(Work to complete): Starting with the line that holds "Pintura decorativa de", reproduce each line through the last one of the data, exactly as written. Pictures are not copied.

(Source material):
+-------+
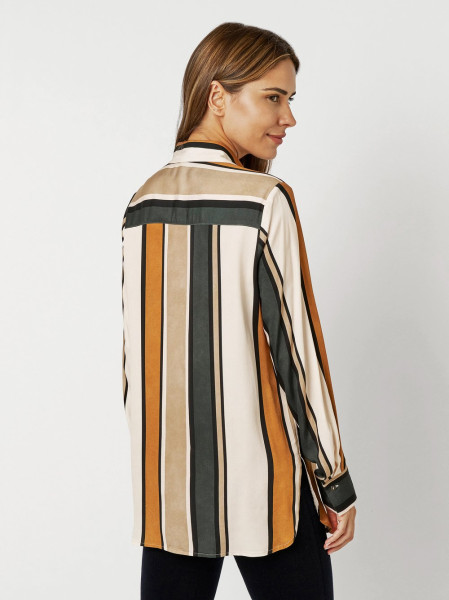 TONI Fashion Style »Coco« Multicolour Camel Zarte Streifenbluse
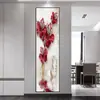 Pintura decorativa de tira delgada para el recibidor, pegatina simple para pasillo y pasillo, versión vertical para columnas estrechas, arte de pared autoadhesivo, una opción de regalo perfecta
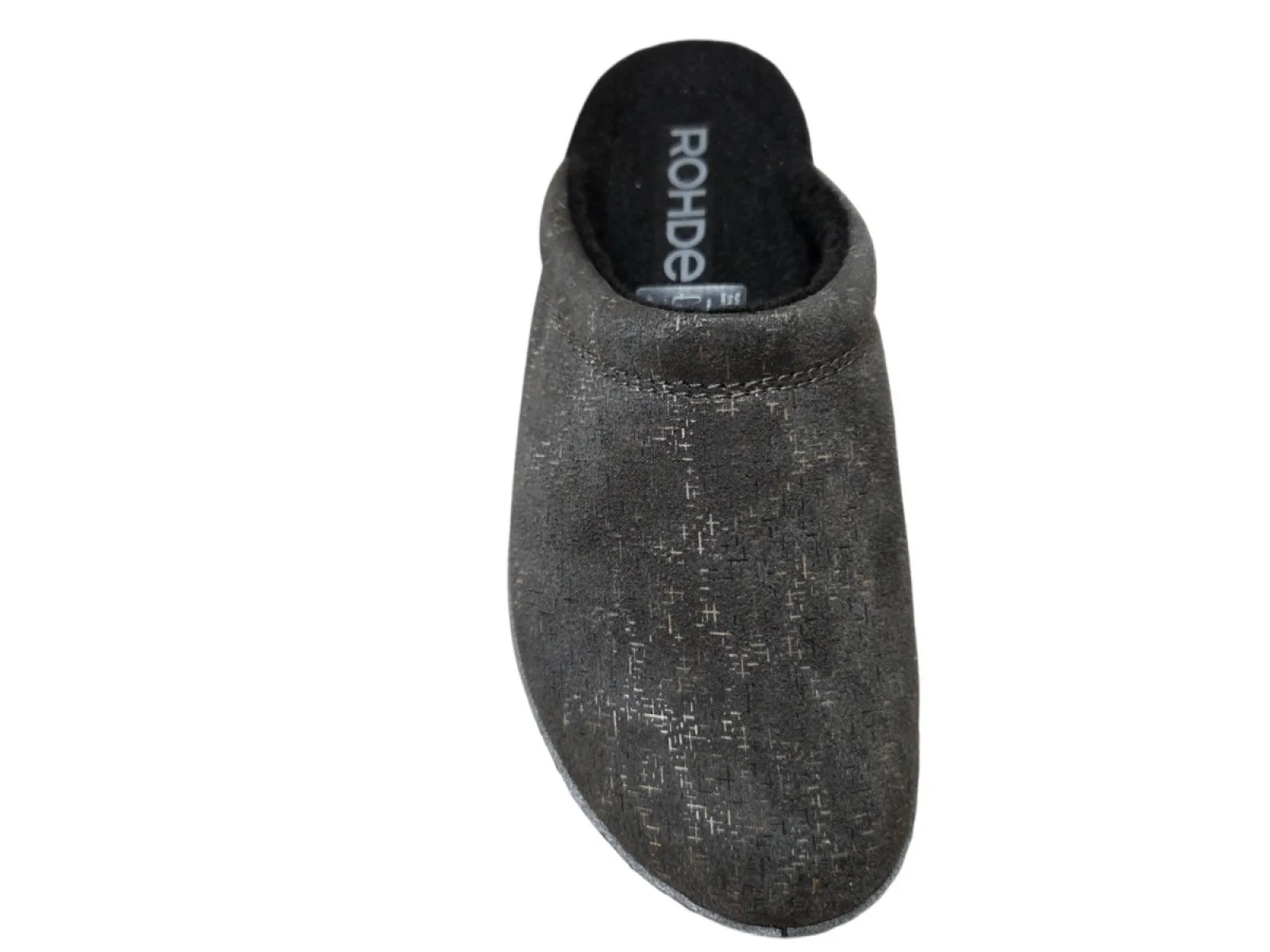 Rohde Rohde 2293 83 Open Pantoffels Sloffen Grijs Textiel Dames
+-------+
(Answer for the task):
 Pintura decorativa de tira delgada para el recibidor, pegatina simple para pasillo y pasillo, versión vertical para columnas estrechas, arte de pared autoadhesivo, una opción de regalo perfecta
 Rohde Rohde 2293 83 Open Pantoffels Sloffen Grijs Textiel Dames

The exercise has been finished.